ThéâtreDans la peau de
Crédit photo : Jean-François Hétu
Mani, tu es à la fois comédien, dramaturge et metteur en scène. Peux-tu résumer à nos lecteurs d’où est née ta passion pour le théâtre, ainsi que les moments charnières de ta carrière jusqu’à aujourd’hui?
«C’est pas mal une histoire clichée de jeune adolescent qui découvre le théâtre au secondaire. En fait, plus précisément c’est Luc Bernier, le prof d’art dramatique de l’école secondaire Étienne Brûlé à Toronto qui m’a invité à faire partie de la troupe de théâtre de l’école et qui m’a ensuite expliqué que c’était possible d’aller dans une école de théâtre et d’en faire un métier.»
«Ensuite, il y a eu l’École nationale de théâtre du Canada. En sortant de l’école, j’ai été très chanceux: j’ai tout de suite eu la chance de travailler avec de grands metteurs en scène que j’avais d’ailleurs rencontrés sur place. Deux de mes rencontres marquantes ont été Alice Ronfard et Claude Poissant. Par après, j’ai eu la chance de travailler pour la première fois, professionnellement, avec Ronfard à ESPACE GO, puis j’ai été engagé comme stagiaire pour Poissant à l’époque où il était au PàP (Théâtre Petit à Petit).
«J’ai eu la chance de faire parti de deux créations de suite avec Claude: Rouge Gueule d’Étienne Lepage, comme stagiaire et interprète, ainsi que Dragonfly of Chicoutimi. Puis les projets se sont enchaînés. J’ai été très chanceux, car les portes se sont ouvertes pour moi assez rapidement. J’ai par la suite reçu l’invitation d’Éric Jean au Quat’Sous, pour venir parler de moi et de mon pays de naissance. Une sorte de carte blanche qui a fini par donner UN, que j’ai finalement joué plus de deux-cents fois, ici comme en Europe.»

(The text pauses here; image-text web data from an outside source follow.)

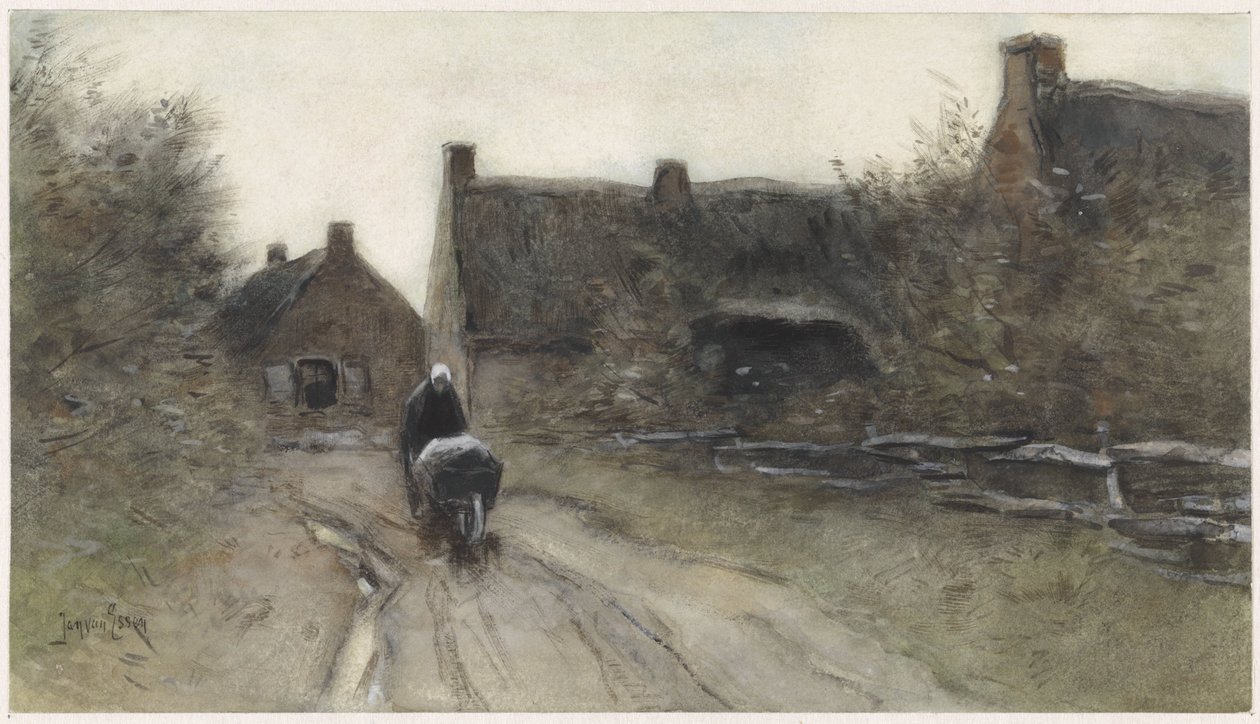 Byutsikt med kvinna med skottkärra av Jan van Essen
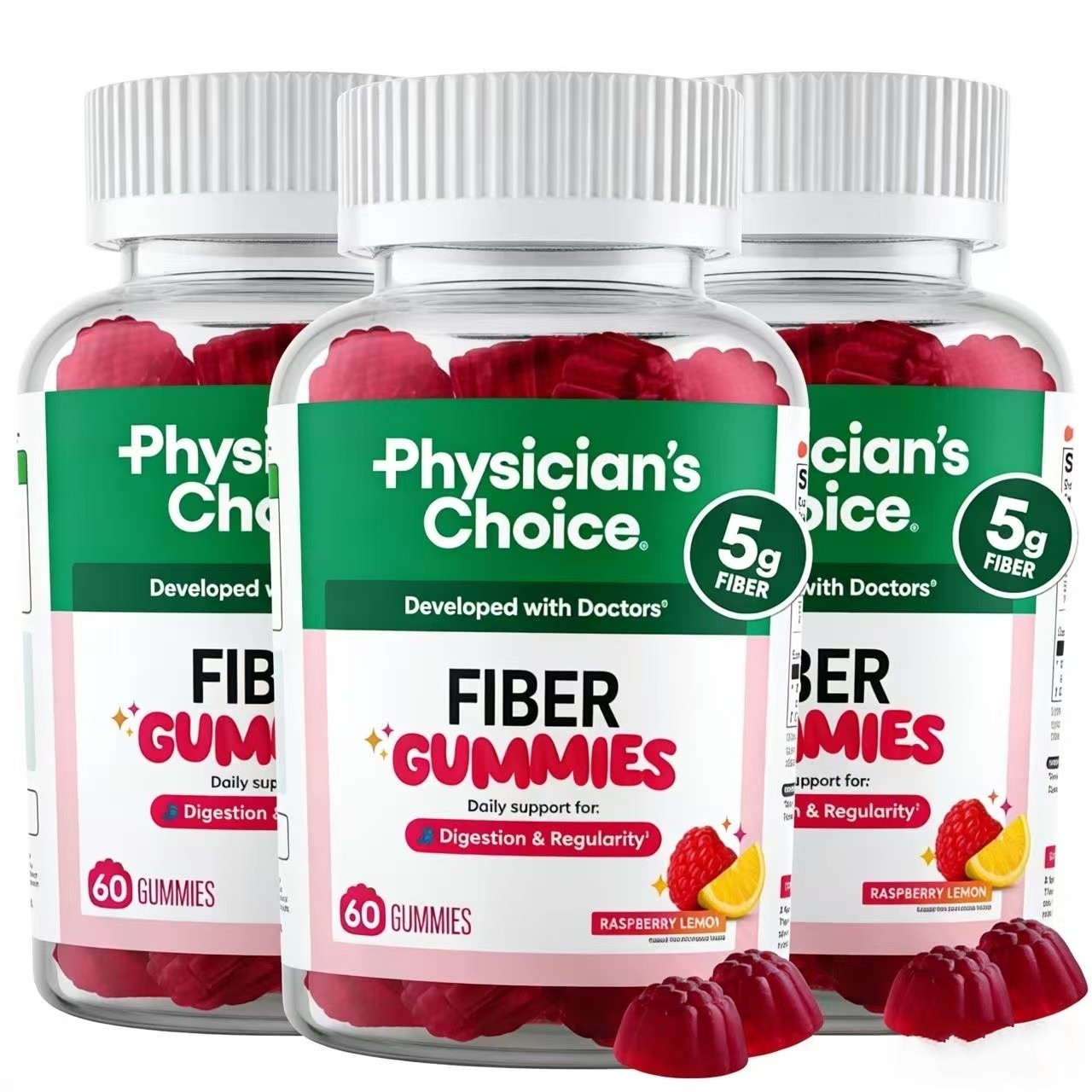 Physician’s Choice Fiber Gummies for Digestive Health & Regularity – Raspberry L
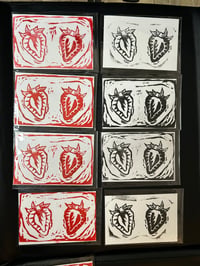 strawberry linocut print! 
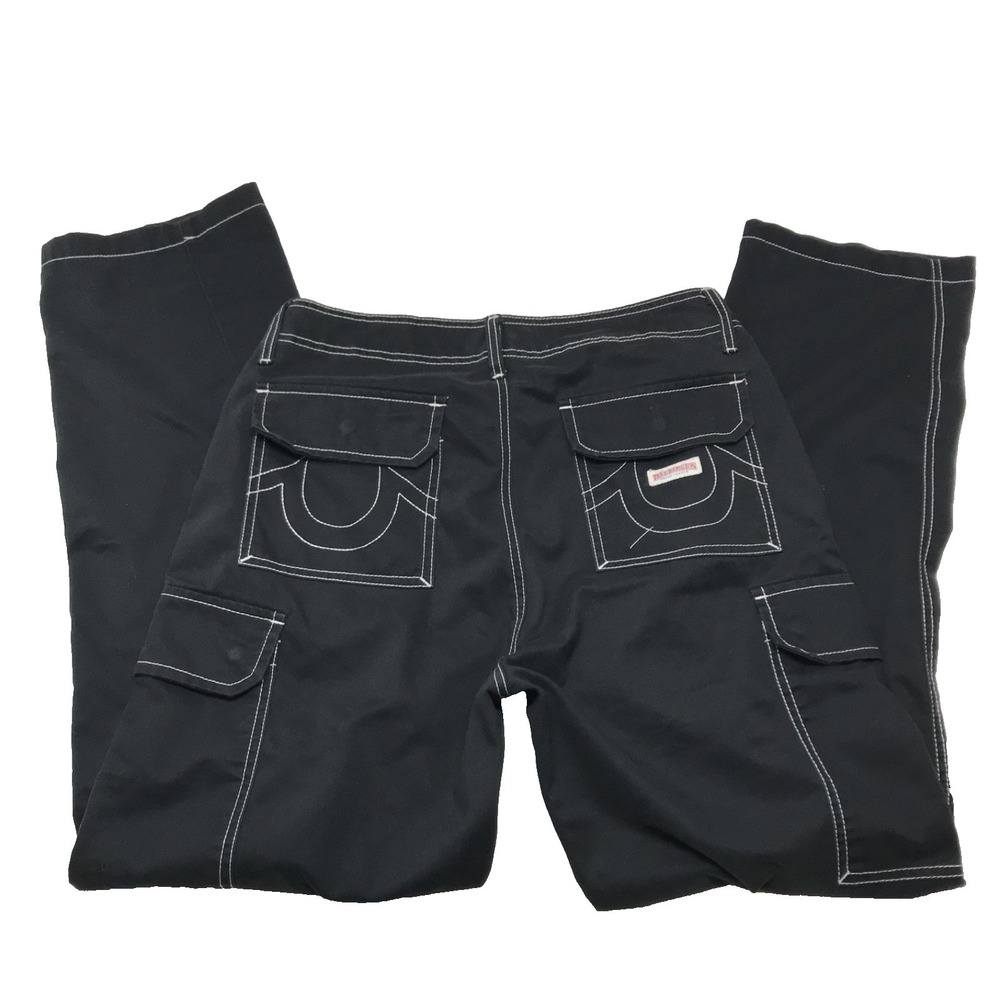 True Religion Brand Jeans Cargo Pants Black Men Size 30X31 White Stitch Skater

«Il y a eu bien sûr la série UN, DEUX et TROIS que j’ai eu la chance de créer ici au Festival TransAmériques (FTA). Monter sur scène avec quarante interprètes n’est pas une expérience anodine! Surtout que j’ai eu la chance de recréer le tout en France avec quarante Français, en plus de présenter la version française de la trilogie dans trois théâtres différents, et ce, une à la suite de l’autre! Le théâtre Gérard Philippe, le Théâtre national de Chaillot et le Tarmac. J’adore souligner que c’est du jamais vu en France, à Paris: une production qui fait trois théâtres en même temps.»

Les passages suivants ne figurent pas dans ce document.